Arizona was outshot 15-8 by USC in their 1-0 loss on Thursday night, but the Wildcats had their fair share of scoring chances thanks to the counter attack, something the Wildcats haven’t utilized much of this season.
Many of those chances started in the midfield. The Trojans’ midfield positioning forced UA into a 4-2-1-3 formation, instead of the 4-4-2 that the ‘Cats usually play. The two center mids that sat in front of the defensive line, along with the wingbacks, created a lot of turnovers in the midfield. All the mids or wingbacks had to do after stealing the ball was then to lob a ball up the pitch for one of the three forwards to run on to.
Cali Crisler, who was playing in an attacking center midfield role, instead of on the wing, played a valuable role as a trailer for the forwards to lay the ball off to. Crisler almost scored an absolute golazo in extra time after she was played a through ball and took a strike from 30 yards out.
The Wildcats played with three up top. They had two forwards on the wing, and let Charlotte Brascia play as a true striker. The two wing forwards marked the Trojan outside midfielders until the mids moved too far up the pitch into Wildcat territory. They would then mark the wing backs of USC. This allowed Brascia to be left alone with the SC center backs. Brascia was able to run onto balls played over the top, and even if she didn’t win the ball, she was able to disrupt SC from mounting any real attack, letting the UA defense to find its’ shape, and force another turnover.

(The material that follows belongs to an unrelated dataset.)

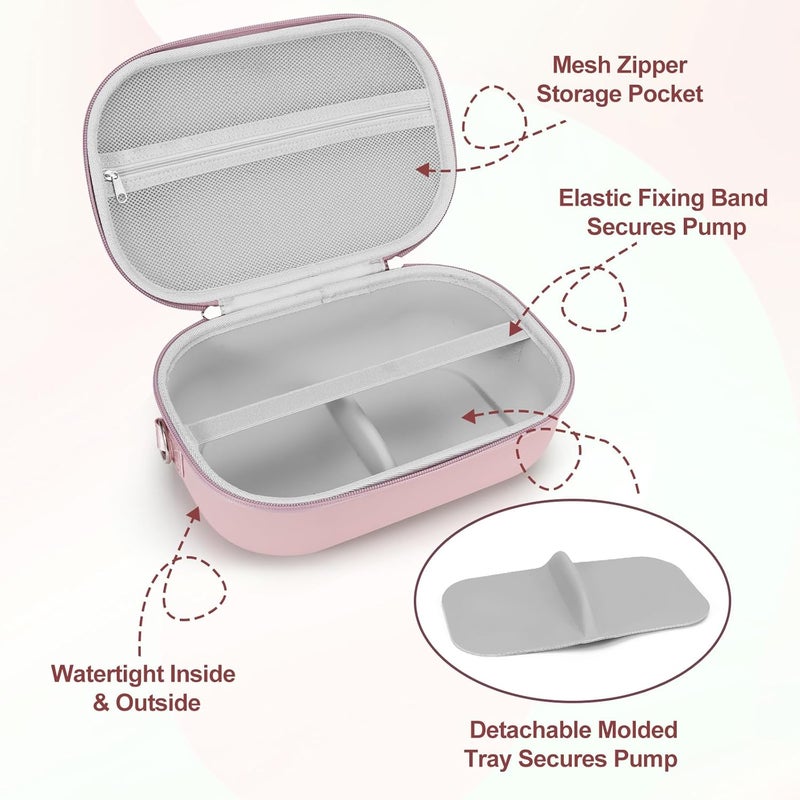 Yewltvep Wearable Breast Pump Bag for HandsFree Breast Pumps Hard Breast Pump Case for MomcozyWilloweufySecurityMedelaTSRETEBluefairNuliie Storage Bag for Pumping Travel Bag Diaper Bag or Handbag - Image 3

Arizona looked somewhat comfortable in this formation, but was very disorganized when SC committed numbers forward. Furthermore, this formation didn’t allow Crisler to get to the wing and cross balls in, which has been Arizona’s most effective weapon. By not looking to cross balls in, Arizona was held to only three corner kicks.
This quicker, more one-on-one style of attack should help Gabi Stoian find the back of the net again. Stoian is best when she takes defenders head on. She had a hard time beating her markers when Arizona was playing in a high defensive press because Arizona forced their opponents to condense their defenses, so after Stoian would beat a defender, another would be close enough to step in and make the tackle. This more open style of play should also open more shooting lanes for Stoian and the other sharp shooters on the ‘Cats.
If Arizona commits to this style of play, they will be better suited to take on better competition. UA’s play at the beginning of the year was able to work against lesser competition, but this allows the ‘Cats to be consistent against some of the best teams in the country.